The set surcease, class conundrum, group game, shell shuffle, doesn't
have a universe.

To get to talking about a universe, there are some difficulties.

Ross

From: zuhair on

Jonathan Hoyle wrote:
> In ZF Set Theory with no urelements, sets contain only other sets and
> nothing else. The set of natural numbers, or example, is just a set of
> sets.
>
> If you mean *all sets* then ZF and ZFC do not allow for the set of all
> sets. This must be the case, since if the collection of all sets were
> a set,

Define " collection "
Define set

Zuhair..........



it must therefore contain itself as a member, which violates the
> Axiom of Foundation (AF), one of the axioms of ZF.
>
> In a conservative extension of ZFC called NBG
> (vonNeumann-Bernays-Godel), you can have a collection of all sets, but
> this collection is not a set, but rather a proper class, for the
> reasons stated above. (All sets are classes, and those classes which
> are not sets are called proper classes). NBG is equi-consistent to
> ZFC; that is to say, if NBG is inconsistent, then it is only because
> ZFC is as well.
>
> To have "the set of all sets", you must work within a set theory which
> does not contain AF. These are called "non-Well Founded" Set Theories,
> and sets which violates AF are called "non-well founded sets".
> Obviously non-well founded sets in these theories do not exist in ZF,
> and thus you cannot assume traditional ZF properties to them.
>
> Hope that helps,
>
> Jonathan Hoyle

From: Jonathan Hoyle on
>> Define " collection "
>> Define set

Sets are defined within the given theory. In ZFC, there are axioms to
tell you what sets are.

I use the term "collection" to describe those things which may be
modelled as a set in one theory, but not necessarily in another. For
example, the "collection of all sets" would not be a set in ZFC, would
be a proper class in NBG, and would be a full-fledged set in some
non-WF theories.

Of course this assumes you are working within a framework which can be
simultaneously modelled by different set theories.

Hope that helps,

Jonathan Hoyle
Eastman Kodak

From: zuhair on

Jonathan Hoyle wrote:
> >> Define " collection "
> >> Define set
>
> Sets are defined within the given theory. In ZFC, there are axioms to
> tell you what sets are.
>
> I use the term "collection" to describe those things which may be
> modelled as a set in one theory, but not necessarily in another. For
> example, the "collection of all sets" would not be a set in ZFC, would
> be a proper class in NBG, and would be a full-fledged set in some
> non-WF theories.
>
> Of course this assumes you are working within a framework which can be
> simultaneously modelled by different set theories.

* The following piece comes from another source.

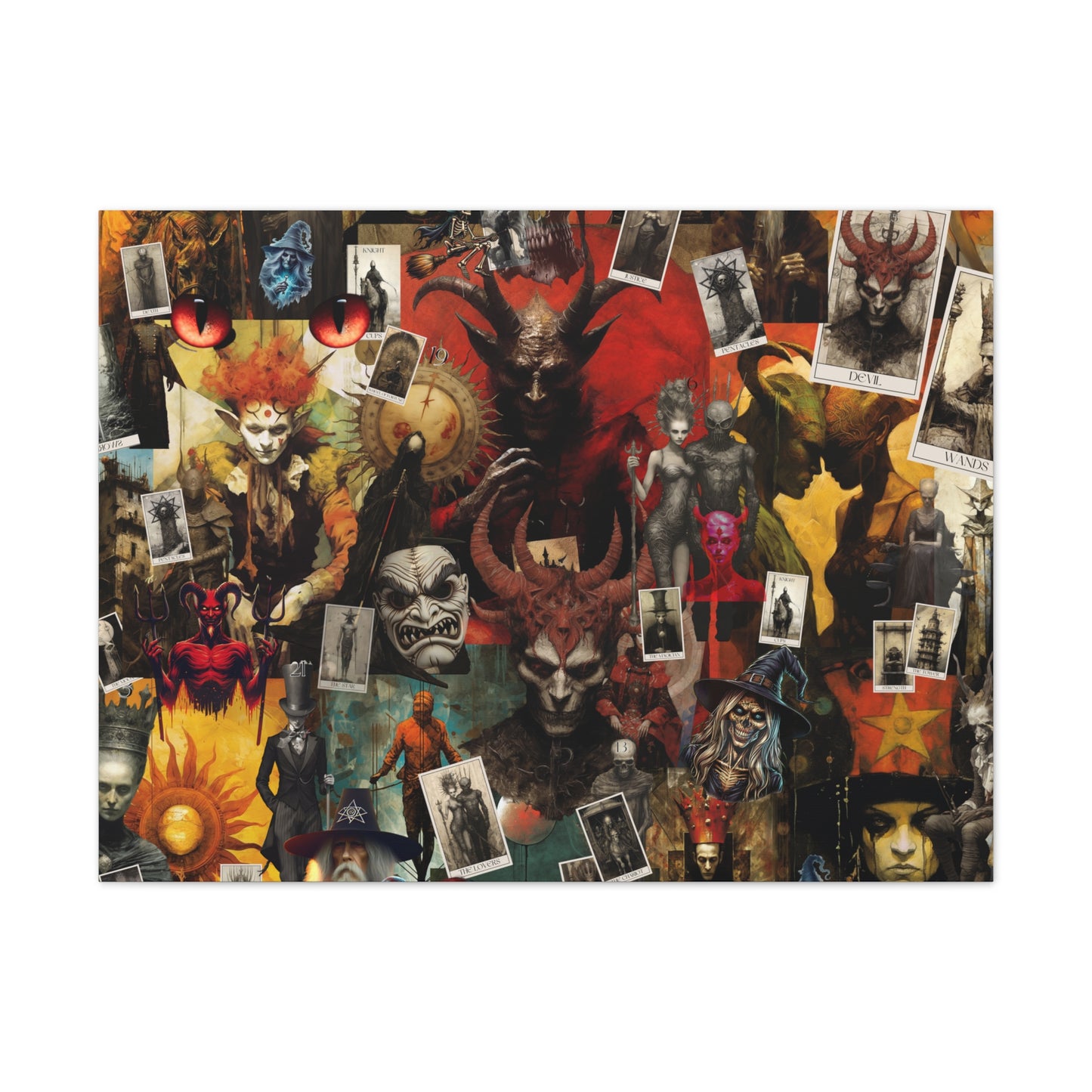 canvas stretched, 0.75" tarot horror wall art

And what is that framwork.

There is something missing. I don't like the reply you've made. It is a
kind of a fixed
answer to defend the current practice.

you should define collection in a clear manner.

Zuhair
>
> Hope that helps,
>
> Jonathan Hoyle
> Eastman Kodak

From: Jonathan Hoyle on
>> And what is that framwork.

Typically ZFC is the default, unless stated otherwise. You can move to
NBG, which is proven to be equi-consistent. But point is: unless you
move to a more exotic logical framework, there is no such thing as the
set of all sets.

>> There is something missing. I don't like the reply you've made.
>> It is a kind of a fixed answer to defend the current practice.

I am not defending a "practice" as much as I am explaining the logical
foundations. I'm sorry you do not like the reply.

>> you should define collection in a clear manner.

"Collection" is a meta-theory term. Some collections are "sets" within
a framework, others are not. When a collection is not a set within a
framework, it is not addressable within that framework. For example,
your "collection of all sets" is clearly not a set in ZFC, as it
violates one of its axioms, namely the Axiom of Foundation (AF). In
logical frameworks which do not include AF, it could be a set, but you
would have to tell me what framework you are using.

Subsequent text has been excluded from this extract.